V. AUTONOMÍA DE LOS CENTROS Y PROYECTO DOCENTE

Los centros disponen de autonomía para elaborar, aprobar y ejecutar un proyecto educativo y un proyecto de gestión, así como las normas de organización y funcionamiento del centro. Además elaboran sus normas de organización y funcionamiento y la programación general anual que recoja todos los aspectos relativos a la organización y funcionamiento del centro, incluidos los proyectos, el currículo, las normas, y todos los planes de actuación acordados y aprobados. A tales efectos los centros pueden adoptar experimentaciones, planes de trabajo, formas de organización o ampliación del horario escolar en los términos que establezcan las Administraciones educativas sin que supongan aportaciones a las familias ni exigencias para las Administraciones educativas.

En particular se reconoce a los centros públicos autonomía en su gestión económica y las Administraciones educativas pueden delegar en los órganos de gobierno de los centros públicos la adquisición de bienes, contratación de obras, servicios, suministros, gestión de personal y aquellas otras competencias que determinen, así como formular requisitos específicos de titulación y capacitación profesional respecto de determinados puestos de trabajo del centro.

En los centros privados concertados la contratación del profesorado se hace mediante anuncio público y según los criterios fijen el Consejo Escolar y el titular que, junto con el director, hace la selección. El despido de profesores exige el previo pronunciamiento del Consejo Escolar; de ser desfavorable una comisión de conciliación conoce de los conflictos entre el titular y el Consejo Escolar. Forma parte de la Comisión un representante de la Administración competente, el titular del centro o persona en quien delegue y un representante del Consejo Escolar elegido por mayoría absoluta de sus componentes entre profesores o padres de alumnos.

Según la Ley Orgánica 8/1985, de 3 de julio, Reguladora del Derecho a la Educación los centros privados tienen autonomía para establecer su régimen interno, seleccionar su profesorado -de acuerdo con la titulación exigible por la legislación vigente- elaborar el proyecto educativo, organizar la jornada en función de las necesidades sociales y educativas de sus alumnos, ampliar el horario lectivo de áreas o materias, determinar el procedimiento de admisión de alumnos, establecer las normas de convivencia y definir su régimen económico. A tales efectos pueden aprueban reglamentos de régimen interior que pueden prever órganos de participación de la comunidad educativa.

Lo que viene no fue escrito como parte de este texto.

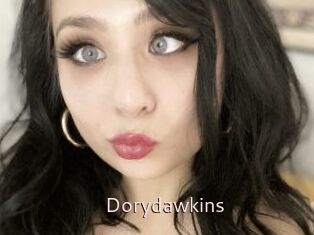 Dorydawkins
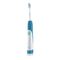 Electric Toothbrush Philips HX6410 User Manual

Especial manifestación de esa autonomía es el proyecto educativo que recoge los valores, objetivos y prioridades de actuación; concreta los currículos establecidos por la Administración que fija y aprueba el Claustro. El proyecto debe tener en cuenta las características del entorno en donde se ubica del centro así como expresar de qué forma atiende la diversidad del alumnado, las tutorías, el plan de convivencia y deberá respetar los principios de no discriminación e inclusión educativa.

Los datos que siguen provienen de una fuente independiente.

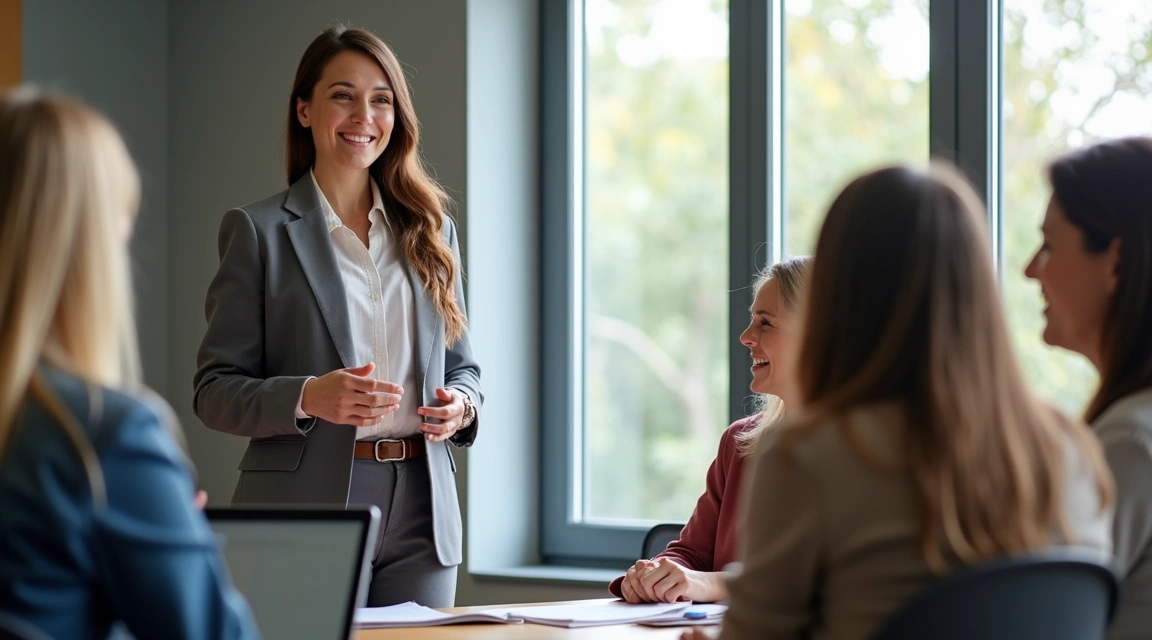Online Coaching Programs: Key Questions Before You Buy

Respecto del proyecto de centros públicos y privados concertados, las Administraciones establecen el marco general para su elaboración, procuran su publicidad, contribuyen al desarrollo del currículo favoreciendo la elaboración de modelos abiertos de programación docente y de materiales didácticos que atiendan a las distintas necesidades de los alumnos y del profesorado. Por otra parte deben estar coordinados los proyectos educativos de los centros de educación primaria y los de educación secundaria obligatoria con objeto de que la incorporación de los alumnos a la educación secundaria sea gradual y positiva. Como previsión específica para los centros privados concertados, se prevé que aparte de esa publicidad, será dispuesto por su respectivo titular e incorporará el carácter propio.